On Thursday, the Orioles said they expected Hairston to miss four to six weeks with his broken right ring finger. Yesterday, Hairston said he hopes to be back in the lineup in five weeks.

"Hopefully, I'll just miss a week of the [regular] season and be ready to play," he said. "I still plan to have a good season. In '99, Cal [Ripken] missed a lot of spring training, and he ended up hitting .330."

Ripken actually hit .340 in 1999. He went on the disabled list that season for the first two times of his career, and was limited to 86 games but set career highs for batting average and slugging percentage (.584).

Julio in waiting

Orioles closer Jorge Julio has yet to pitch after two exhibition games, and he isn't scheduled to do so until tomorrow.

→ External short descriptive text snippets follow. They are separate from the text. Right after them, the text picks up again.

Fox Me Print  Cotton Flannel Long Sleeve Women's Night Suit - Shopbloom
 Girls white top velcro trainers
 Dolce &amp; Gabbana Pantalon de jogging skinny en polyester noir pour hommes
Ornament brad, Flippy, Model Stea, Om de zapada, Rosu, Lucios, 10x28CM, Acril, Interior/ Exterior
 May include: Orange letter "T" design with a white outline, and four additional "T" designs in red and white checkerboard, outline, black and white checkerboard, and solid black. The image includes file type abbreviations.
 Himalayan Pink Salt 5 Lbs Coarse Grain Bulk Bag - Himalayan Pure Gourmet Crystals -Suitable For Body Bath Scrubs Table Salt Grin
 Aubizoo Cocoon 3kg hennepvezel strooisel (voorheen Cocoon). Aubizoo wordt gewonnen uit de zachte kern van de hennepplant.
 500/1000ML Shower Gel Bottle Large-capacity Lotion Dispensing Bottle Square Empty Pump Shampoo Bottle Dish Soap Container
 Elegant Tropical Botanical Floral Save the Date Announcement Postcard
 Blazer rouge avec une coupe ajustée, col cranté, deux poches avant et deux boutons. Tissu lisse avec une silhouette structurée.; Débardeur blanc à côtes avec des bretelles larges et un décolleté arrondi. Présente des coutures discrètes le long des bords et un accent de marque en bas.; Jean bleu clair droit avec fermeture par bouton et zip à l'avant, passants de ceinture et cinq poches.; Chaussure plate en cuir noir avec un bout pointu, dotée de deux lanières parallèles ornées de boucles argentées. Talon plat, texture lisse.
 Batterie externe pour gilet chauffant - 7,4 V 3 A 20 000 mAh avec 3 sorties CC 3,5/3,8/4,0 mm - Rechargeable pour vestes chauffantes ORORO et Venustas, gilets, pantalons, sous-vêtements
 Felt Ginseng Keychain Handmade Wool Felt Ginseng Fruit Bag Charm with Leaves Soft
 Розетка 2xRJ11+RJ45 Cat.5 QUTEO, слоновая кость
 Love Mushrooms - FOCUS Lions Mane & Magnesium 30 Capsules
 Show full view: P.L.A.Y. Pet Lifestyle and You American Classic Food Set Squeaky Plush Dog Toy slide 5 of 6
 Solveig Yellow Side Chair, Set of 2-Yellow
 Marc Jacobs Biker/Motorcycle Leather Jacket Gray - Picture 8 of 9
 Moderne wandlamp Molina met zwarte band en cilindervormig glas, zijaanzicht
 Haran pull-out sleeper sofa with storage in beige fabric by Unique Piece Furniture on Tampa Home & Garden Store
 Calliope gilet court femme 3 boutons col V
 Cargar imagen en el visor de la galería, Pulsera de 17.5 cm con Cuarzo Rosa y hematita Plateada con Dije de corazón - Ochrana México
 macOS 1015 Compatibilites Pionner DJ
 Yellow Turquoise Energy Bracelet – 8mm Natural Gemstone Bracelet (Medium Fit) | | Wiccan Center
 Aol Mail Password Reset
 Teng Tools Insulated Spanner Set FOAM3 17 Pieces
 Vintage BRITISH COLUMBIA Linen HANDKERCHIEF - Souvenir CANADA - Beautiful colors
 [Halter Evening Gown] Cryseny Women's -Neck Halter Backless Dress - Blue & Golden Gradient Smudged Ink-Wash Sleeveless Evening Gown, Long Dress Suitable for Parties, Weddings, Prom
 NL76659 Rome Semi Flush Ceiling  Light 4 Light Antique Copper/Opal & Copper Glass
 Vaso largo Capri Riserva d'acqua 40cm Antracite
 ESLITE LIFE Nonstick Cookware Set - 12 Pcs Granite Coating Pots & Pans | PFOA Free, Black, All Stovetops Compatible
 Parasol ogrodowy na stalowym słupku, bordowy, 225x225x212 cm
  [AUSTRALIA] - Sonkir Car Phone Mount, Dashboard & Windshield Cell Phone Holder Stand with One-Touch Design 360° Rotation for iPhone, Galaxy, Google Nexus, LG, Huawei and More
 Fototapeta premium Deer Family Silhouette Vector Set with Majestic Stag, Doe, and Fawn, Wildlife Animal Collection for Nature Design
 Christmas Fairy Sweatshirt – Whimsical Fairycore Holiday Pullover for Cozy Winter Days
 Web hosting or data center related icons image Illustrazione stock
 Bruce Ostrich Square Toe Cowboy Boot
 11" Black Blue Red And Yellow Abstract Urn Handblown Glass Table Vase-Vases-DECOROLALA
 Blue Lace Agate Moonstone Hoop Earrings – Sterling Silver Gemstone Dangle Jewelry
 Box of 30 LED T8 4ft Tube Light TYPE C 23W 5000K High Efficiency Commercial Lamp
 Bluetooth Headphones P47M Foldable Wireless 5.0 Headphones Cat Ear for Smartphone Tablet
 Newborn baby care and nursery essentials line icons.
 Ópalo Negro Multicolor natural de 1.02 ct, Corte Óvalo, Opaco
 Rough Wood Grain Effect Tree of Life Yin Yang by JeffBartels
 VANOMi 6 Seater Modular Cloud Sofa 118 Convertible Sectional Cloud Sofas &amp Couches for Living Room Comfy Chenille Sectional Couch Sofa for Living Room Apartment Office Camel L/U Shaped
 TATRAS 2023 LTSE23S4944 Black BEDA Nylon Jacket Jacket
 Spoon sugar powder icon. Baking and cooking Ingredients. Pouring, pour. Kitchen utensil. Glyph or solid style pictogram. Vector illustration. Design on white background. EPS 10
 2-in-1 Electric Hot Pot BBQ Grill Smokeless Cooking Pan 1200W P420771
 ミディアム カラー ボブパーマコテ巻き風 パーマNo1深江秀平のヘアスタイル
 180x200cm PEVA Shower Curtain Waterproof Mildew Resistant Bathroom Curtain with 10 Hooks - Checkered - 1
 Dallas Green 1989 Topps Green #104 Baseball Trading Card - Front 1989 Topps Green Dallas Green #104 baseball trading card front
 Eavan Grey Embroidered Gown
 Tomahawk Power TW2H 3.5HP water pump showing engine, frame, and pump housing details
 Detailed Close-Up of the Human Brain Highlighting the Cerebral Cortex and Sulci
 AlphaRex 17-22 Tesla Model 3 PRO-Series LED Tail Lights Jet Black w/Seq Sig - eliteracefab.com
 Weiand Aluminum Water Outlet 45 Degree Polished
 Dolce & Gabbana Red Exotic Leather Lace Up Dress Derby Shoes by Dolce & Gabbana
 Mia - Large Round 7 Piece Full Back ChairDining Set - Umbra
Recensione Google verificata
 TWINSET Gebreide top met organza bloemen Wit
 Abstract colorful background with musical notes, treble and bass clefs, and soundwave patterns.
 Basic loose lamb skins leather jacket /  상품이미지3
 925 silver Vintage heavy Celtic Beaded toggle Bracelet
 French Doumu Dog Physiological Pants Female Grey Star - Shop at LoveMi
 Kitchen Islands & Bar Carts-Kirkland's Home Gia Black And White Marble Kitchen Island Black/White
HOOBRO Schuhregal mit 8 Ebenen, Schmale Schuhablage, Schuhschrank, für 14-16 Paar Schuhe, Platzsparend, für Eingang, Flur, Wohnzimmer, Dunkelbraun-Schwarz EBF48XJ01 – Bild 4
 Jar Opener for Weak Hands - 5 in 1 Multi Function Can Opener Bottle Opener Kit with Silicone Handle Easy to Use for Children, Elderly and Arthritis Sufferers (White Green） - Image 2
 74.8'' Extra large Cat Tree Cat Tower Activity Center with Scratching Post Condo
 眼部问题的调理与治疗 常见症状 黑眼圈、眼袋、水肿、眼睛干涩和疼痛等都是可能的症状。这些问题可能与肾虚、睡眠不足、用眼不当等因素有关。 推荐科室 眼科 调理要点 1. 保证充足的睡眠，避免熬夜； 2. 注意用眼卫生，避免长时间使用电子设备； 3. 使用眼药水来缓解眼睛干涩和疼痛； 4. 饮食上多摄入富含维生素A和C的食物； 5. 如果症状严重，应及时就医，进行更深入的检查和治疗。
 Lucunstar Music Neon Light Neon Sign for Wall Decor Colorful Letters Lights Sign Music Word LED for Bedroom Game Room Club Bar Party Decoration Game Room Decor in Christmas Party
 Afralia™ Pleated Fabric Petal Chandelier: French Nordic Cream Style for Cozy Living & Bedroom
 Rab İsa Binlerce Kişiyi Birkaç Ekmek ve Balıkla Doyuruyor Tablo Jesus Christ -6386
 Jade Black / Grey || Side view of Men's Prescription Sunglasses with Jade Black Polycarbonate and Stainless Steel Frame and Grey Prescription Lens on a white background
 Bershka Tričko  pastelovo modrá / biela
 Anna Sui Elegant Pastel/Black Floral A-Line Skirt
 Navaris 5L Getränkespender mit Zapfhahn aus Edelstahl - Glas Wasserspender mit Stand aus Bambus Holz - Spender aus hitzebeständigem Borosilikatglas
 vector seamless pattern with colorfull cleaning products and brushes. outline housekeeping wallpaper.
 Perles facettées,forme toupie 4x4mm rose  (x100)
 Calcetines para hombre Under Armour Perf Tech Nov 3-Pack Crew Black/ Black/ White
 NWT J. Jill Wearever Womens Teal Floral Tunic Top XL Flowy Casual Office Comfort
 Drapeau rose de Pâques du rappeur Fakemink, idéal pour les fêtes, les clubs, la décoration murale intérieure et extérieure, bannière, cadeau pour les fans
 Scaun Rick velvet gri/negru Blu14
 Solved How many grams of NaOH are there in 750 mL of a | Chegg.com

But the reason isn't injury-related.

Pitching coach Mark Wiley has been trying to get Julio to shorten his delivery time toward home plate to make it tougher for runners to steal bases off him. Julio used to take 1.6 seconds to deliver the ball home, but with a shortened stride, Julio hopes to reduce that time to 1.3 seconds.

"As long as we've got the time [early in spring training]," Wiley said, "we might as well use it."

Julio had a sore throwing shoulder last month, which forced him to stop pitching in winter ball. Yesterday, he said: "I'm fine. I feel good."

Tough sun

Bigbie lost a pop fly in the sun and wound up getting hit in the face, creating a moment that was a little scary but mostly funny for his teammates.

It happened in the second inning, as Marlins leadoff hitter Juan Pierre lofted a towering fly ball to left. Bigbie had his sunglasses above the brim of his cap, and as he camped under the ball, he never grabbed them.

The ball hit him on the forehead above his left eye, and his sunglasses went flying.

Orioles trainer Richie Bancells ran onto the field, with Mazzilli following him. They made sure Bigbie was OK, and ribbed him a little bit.

"I totally lost [the ball]," Bigbie said. "The ball hit a black spot and disappeared. My lenses went flying, and I had those birdies flying around my head. Mazzilli came out and I was smiling. He said I was killing him."